By: Joshua Holland, Moyers and Company, Bill Moyers Blog, March 4, 2014
“A Much Less Safe Neighborhood”: The NRA And The “Wave Of Fear” Prevails In Colorado
In the wake of the massacre at Sandy Hook Elementary, several states took action in the hopes of preventing future gun violence. States like Delaware, New Jersey, and Connecticut each passed meaningful measures over the objections of far-right activists and the National Rifle Association.
So too did Colorado, where memories of the massacre at an Aurora movie theater were still fresh when the violence in Newtown occurred. Though the state has traditionally been resistant to gun reforms, lawmakers and Gov. John Hickenlooper (D) approved new measures in March to expand background checks and restrict high-capacity magazines — policies that even conservative Supreme Court justices have said are constitutional.
But the NRA and the right decided these efforts to reduce gun violence cannot stand, and they launched the first-ever recall elections in Colorado history. Yesterday, their gambit worked.
Two Colorado legislators who supported stricter gun control laws lost their jobs on Tuesday in an unprecedented recall election that became the center of the national debate over regulating firearms.
Senate President John Morse and Sen. Angela Giron were both defeated, the Denver Post reported, in the recall effort.
They’ll both be replaced with Republicans allied with the NRA, but this will not affect partisan control of Colorado’s state Senate, where Democrats will maintain a narrow majority.
Morse, a former police chief, was slated to leave office next year anyway, making his recall election more symbolic. Giron, first elected three years ago, has vowed to continue to find ways to serve her community.
Morse said last night, “We made Colorado safer from gun violence. If it cost me my political career, that’s a small price to pay.”
Let’s pause for a moment to ponder how remarkable it is that a respected lawmaker’s career had to end because he approved legal measures intended to prevent gun deaths.
The NRA, it’s worth noting, originally sought five recall elections against Democrats, but in the other three cases, the right-wing group failed to gather sufficient petition signatures.
But what, ultimately, was the point? If control of the state Senate was not at stake, Morse was retiring next year anyway, and the gun reforms aren’t going to be repealed anytime soon, why bother with multi-million-dollar recall elections with no precedent in state history?
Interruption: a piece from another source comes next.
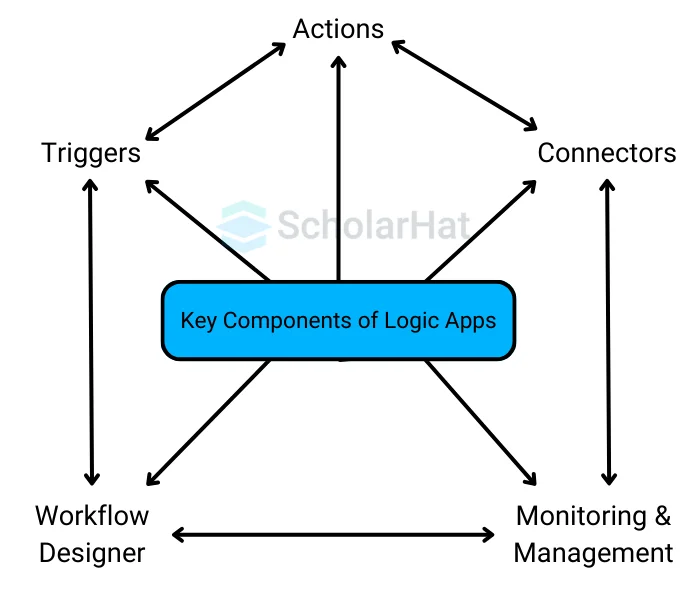 Key Components of Logic Apps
The answer, of course, was that the NRA and far-right activists want to send a message to policymakers everywhere: efforts to prevent gun violence will end your career, too. Watch on YouTube
Indeed, the right has been quite explicit on this point. My colleague Laura Conaway posted this item a few weeks ago, featuring remarks from a local recall proponent.
For those who can’t watch clips online, the man in the video, Jon Caldara of the Colorado Independence Institute, argued:
“If the president of the Senate of Colorado, who did nothing except pass the laws that Bloomberg wrote, gets knocked out, there will be a shudder, a wave of fear that runs across every state legislator across the country, that says, ‘I ain’t doing that ever. That is not happening to me. I will not become a national embarrassment, I will not take on those guys.’ That’s how big this is.”
The goal of the NRA and its allies, then, was to create “a wave of fear.” Yesterday, they convinced just enough Coloradans who found this message appealing.